**TASK GOAL**. Leave out the pictures and retype, exactly, the lines below from the line with "After this has" up to and including the line with "This video tutorial", nothing more.

Segment Start: MATERIAL SUPPLIED

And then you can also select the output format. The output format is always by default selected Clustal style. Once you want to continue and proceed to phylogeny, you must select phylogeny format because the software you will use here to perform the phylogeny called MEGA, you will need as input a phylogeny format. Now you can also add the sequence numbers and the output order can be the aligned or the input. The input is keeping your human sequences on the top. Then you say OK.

Segment End: MATERIAL SUPPLIED
Segment Start: MATERIAL SUPPLIED

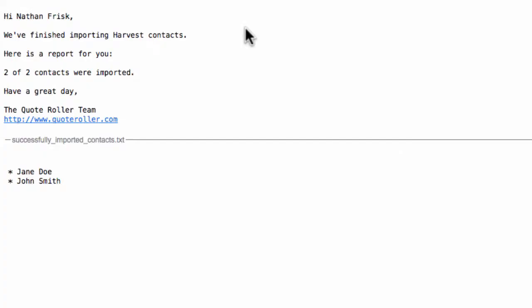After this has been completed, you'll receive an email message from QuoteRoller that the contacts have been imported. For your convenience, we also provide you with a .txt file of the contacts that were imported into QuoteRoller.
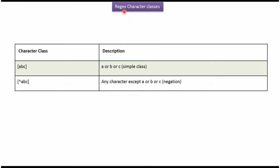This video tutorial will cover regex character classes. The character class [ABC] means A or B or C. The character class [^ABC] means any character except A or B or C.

Segment End: MATERIAL SUPPLIED

**RESPONSE**.
After this has been completed, you'll receive an email message from QuoteRoller that the contacts have been imported. For your convenience, we also provide you with a .txt file of the contacts that were imported into QuoteRoller.
This video tutorial will cover regex character classes. The character class [ABC] means A or B or C. The character class [^ABC] means any character except A or B or C.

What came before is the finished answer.